Cable news channels were a significant destination for viewers interested in getting the latest on the shootings in Colorado on Friday, according to Nielsen ratings from that day.
In the documentary Kumaré, Vikram Gandhi assumes the title “guru” and sets out to amass a following. He succeeds in convincing gullible customers that he is, in fact, the guru Kumaré, a man of wisdom, spiritual enlightenment, and serenity. Kumaré has a lot to teach us about advertising, marketing, and public relations; but if it has one “actionable” point for media professionals, it is this: gurus always sell themselves. That is, the product of any guru is first, the guru, and second, the philosophy underwriting his or her—but, let’s be honest, usually his—guru-ism.
Therefore, it should come as no surprise that social media gurus claim that social media is our most important news source. Despite the relentless social media boosting that pervades conventional, old media, ironically, traditional media outlets remain an equally important source of breaking news analysis. Contrary to the high visibility of social media platforms, atavistic news sources like television continue to keep huge numbers of consumers informed. News coverage of the shootings in Aurora, Colorado demonstrates how conventional media gets underestimated. For example, cable news stations experienced an influx of viewers as news of the tragedy broke. TVNEWSER® reports that from 6 to 9 a.m. on the Friday morning of the attack, Fox News Channel averaged 1.34 million viewers, CNN 466,000, and MSNBC 450,000, all significantly higher than normal. As TVNEWSER® concludes, “it is safe to say that cable news was a primary news source for 10s of millions of Americans Friday.”
A failure to recognize the importance of old media derives from a cognitive bias called the availability heuristic. When people follow an availability heuristic, they evaluate the probability or magnitude of an event based on how easily they can recall examples of the event. Thus, the assumed primacy of “new media” results from reports that social media is both independently important and more important than conventional media.

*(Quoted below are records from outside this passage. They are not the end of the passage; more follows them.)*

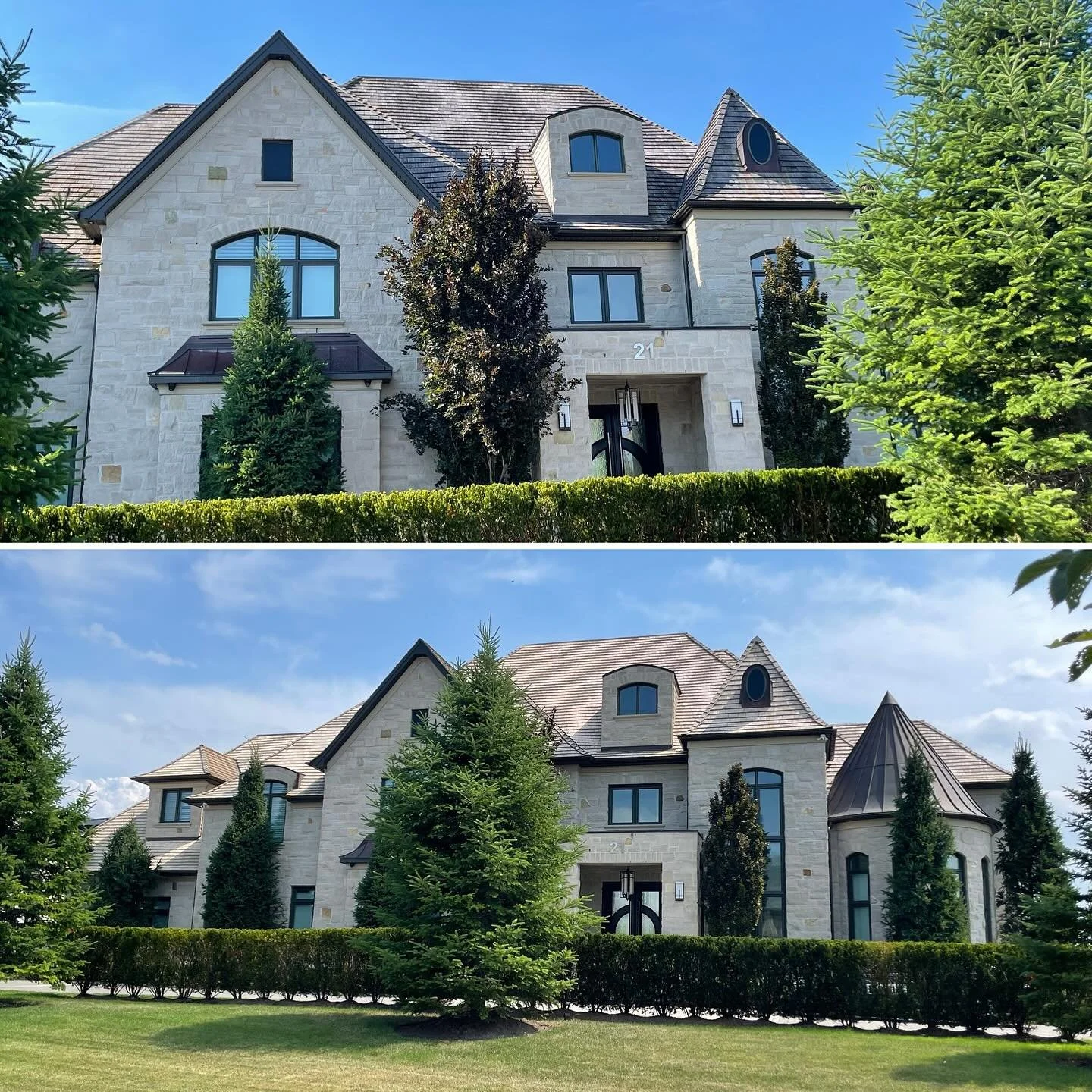 A large cedar roof we cleaned in Kleinburg
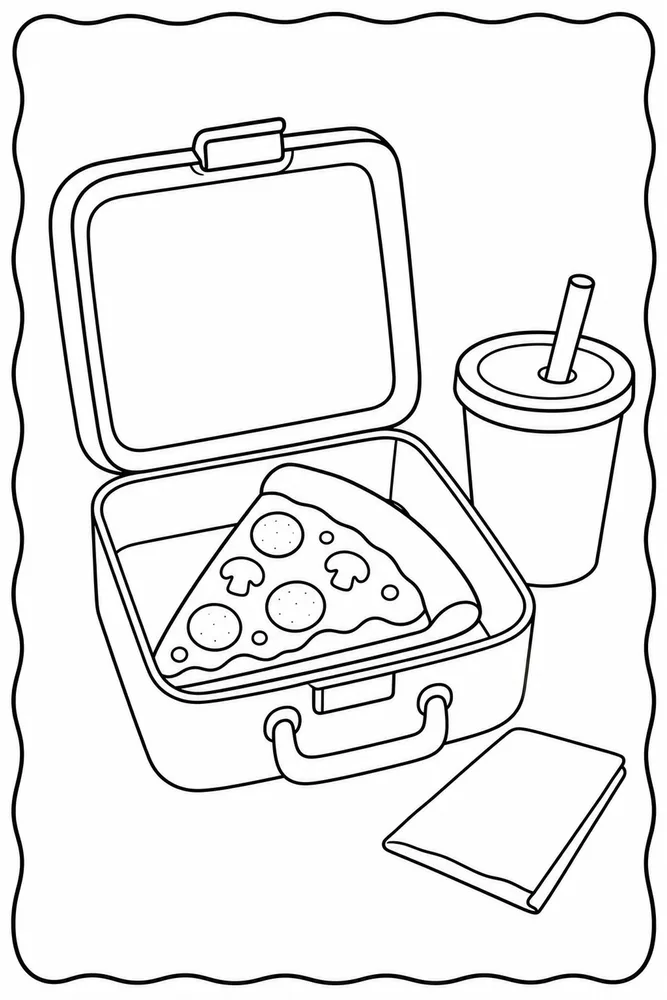 Pizza Food Pizza Lunch Box coloring page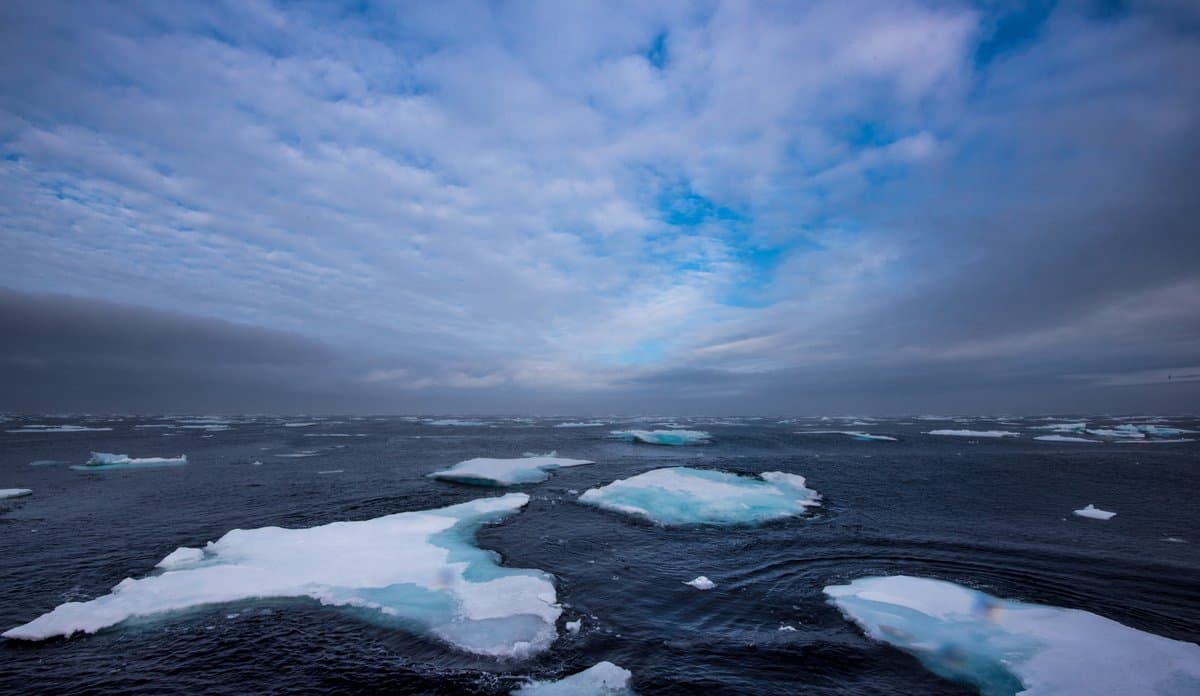 Flytende isflak og flekker av åpent vann under en overskyet himmel i et polart eller arktisk havmiljø.
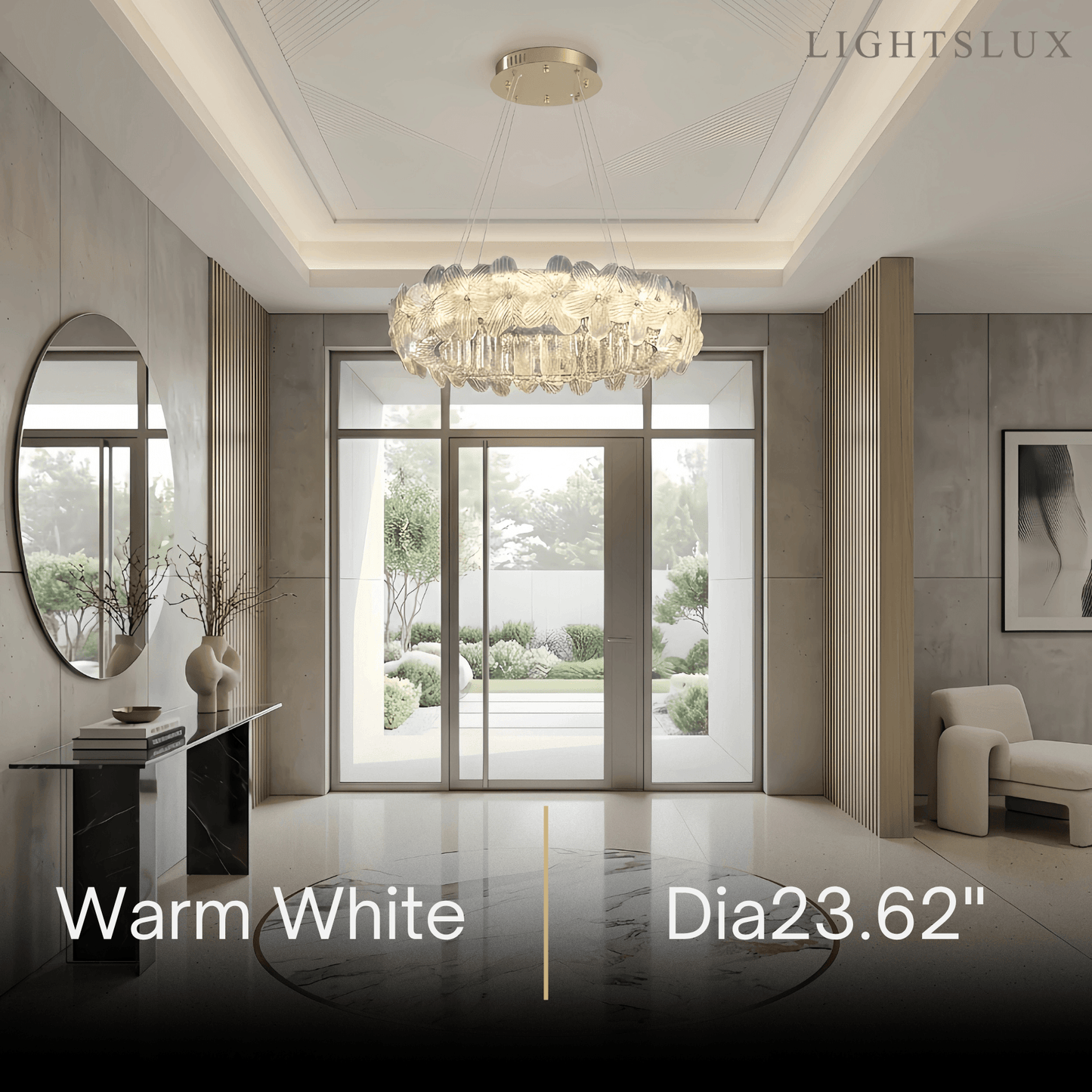 Modern Luxury Crystal Chandelier -- Stainless Steel & Glass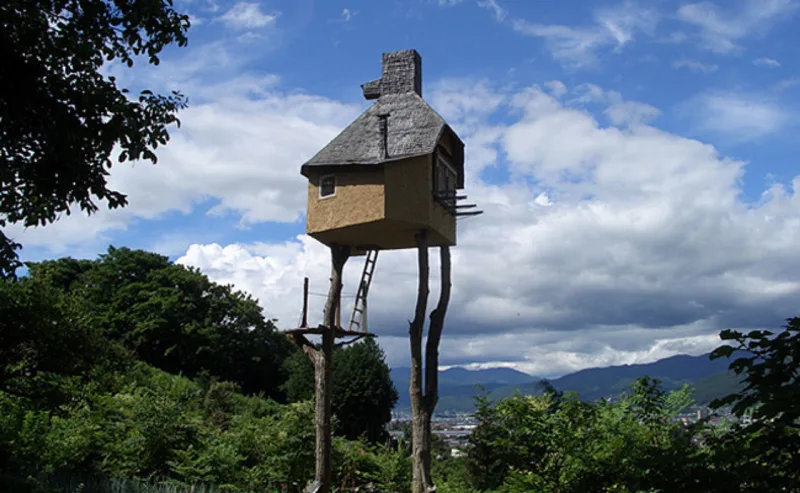 Casa sobre dois troncos. Foto: Divulgação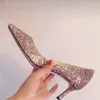 Dress Shoes Bling Wedding Women's French Sequin Stiletto Gradient Pink Pointed Toe Medium Heel Bridal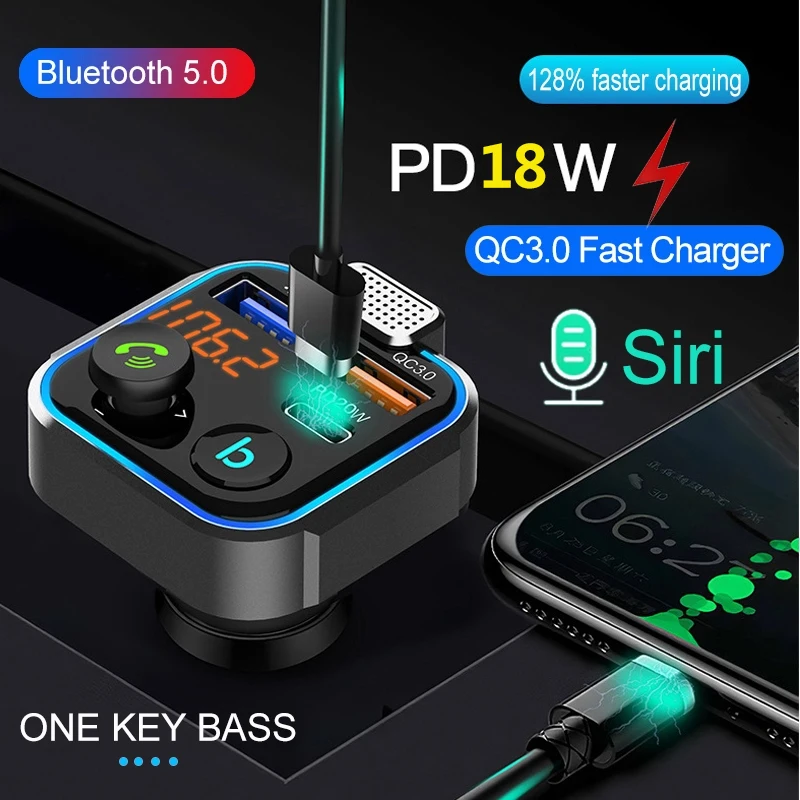 Быстрое зарядное устройство QC3.0 PD18W Bluetooth 5 0 FM-передатчик mp3-плеер с одним ключом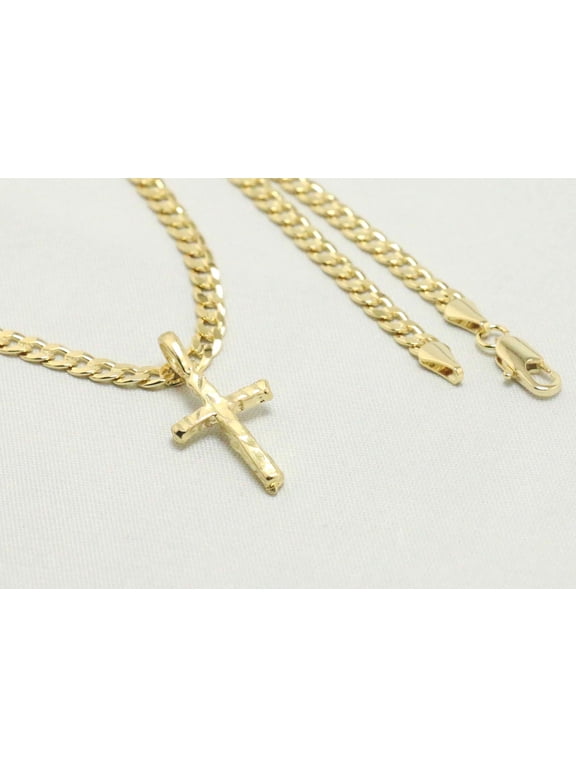 14kt Gold Chain Necklace, Cuban Chain Nugget Cross Necklaces for Women and Men, Best Christmas Gift for, Her, Him - 14kt Bonded Gold Jewelry by Artisan Jeweler
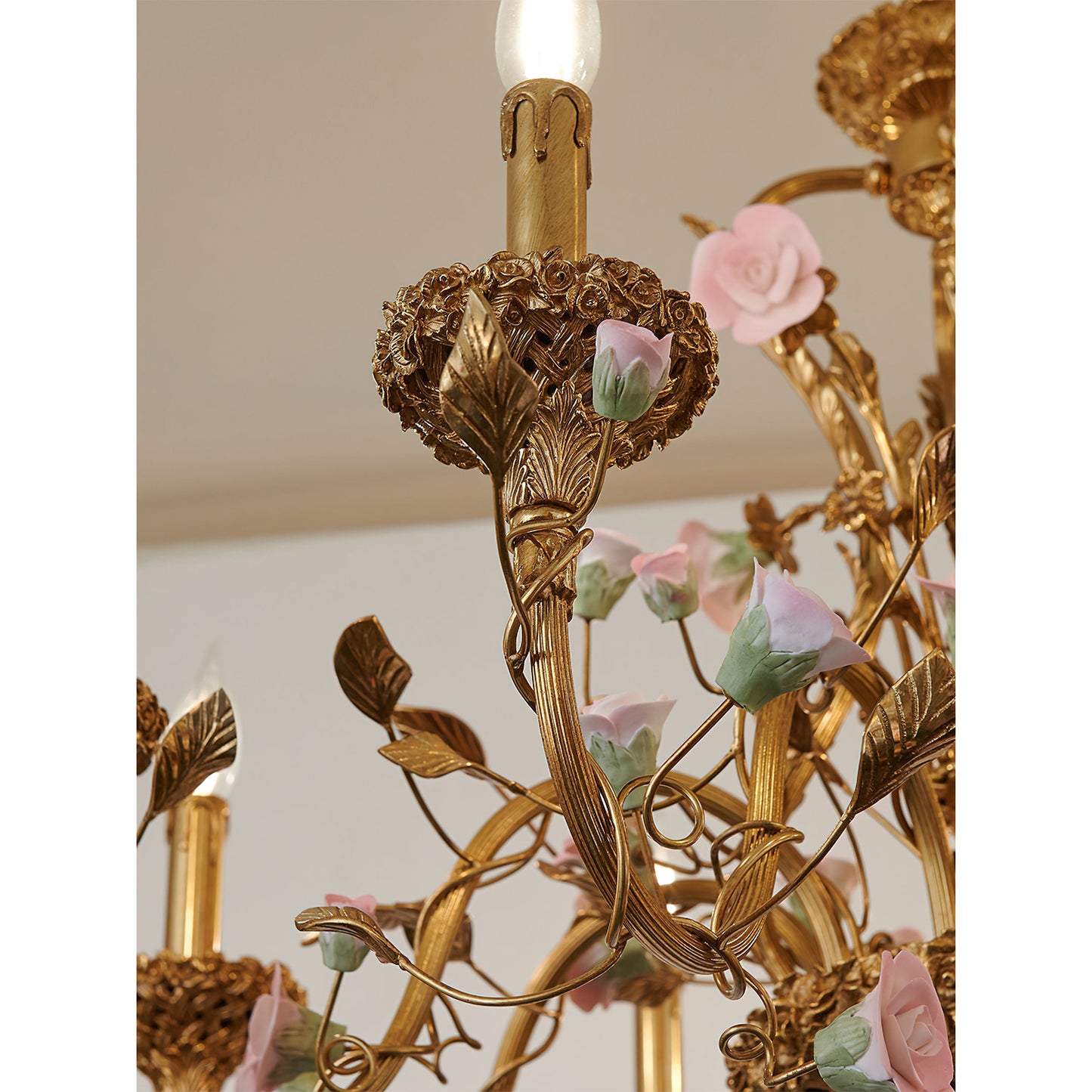 Sabine Flowers Chandelier - Luxury Brass & Pink Ceramic Floral Pendant | French Provincial 6/8-Light Chandelier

Even when consumers watch cable news, they are inundated with the message that new media supersedes old media. One subplot of the Aurora story concerned the role of Reddit in breaking the news. The New York Times’s Bits Blog published a post called, “How Reddit Scooped the Press on the Aurora Shootings.” TL;DR: Morgan Jones, an 18-year-old who was monitoring a police scanner at the time of the shooting, started a timeline of the events on Reddit. And Poynter’s piece, “How news spread of the ‘Dark Knight Rises’ shooting at Colorado movie theater” emphasized Tweets coming in from the scene as a key source of new information. But there is an important distinction between new media as a source of raw news data and new media as a source of packaged news programming, vetted and information rich. While those packaged news programs assert the importance of new media as a news source, consumers are still receiving news from the package, not the source. The flow of information from an event to major media outlets is much faster and higher volume than pre-new media. The news source for news media has shifted. But the news source for the public is still old media, along with the online presences of old media, such as website video streams and blog posts. The wild, wild west of news—Reddit, Twitter, etc.—is not where most Americans look for reliable breaking news coverage.
The value of new media as a journalistic tool should not be discounted. Nevertheless, both enthusiasm and fear-mongering should be tempered: new media is not exacting a swift hit on old media. If there is a displacement effect, wherein tech-savvy viewers shift loyalty from old media to new, old media remains a consistent and predictable source of information. Social media is not a self-fulfilling prophecy. Believing in the ascendency of, for example, Reddit, does not make it true. Rather, a misplaced faith in the fundamental dominance of new media does not make millions of Americans just disappear. They’re still out there, plopped in front of the TV set, consuming what new media uncovered through a conventional source.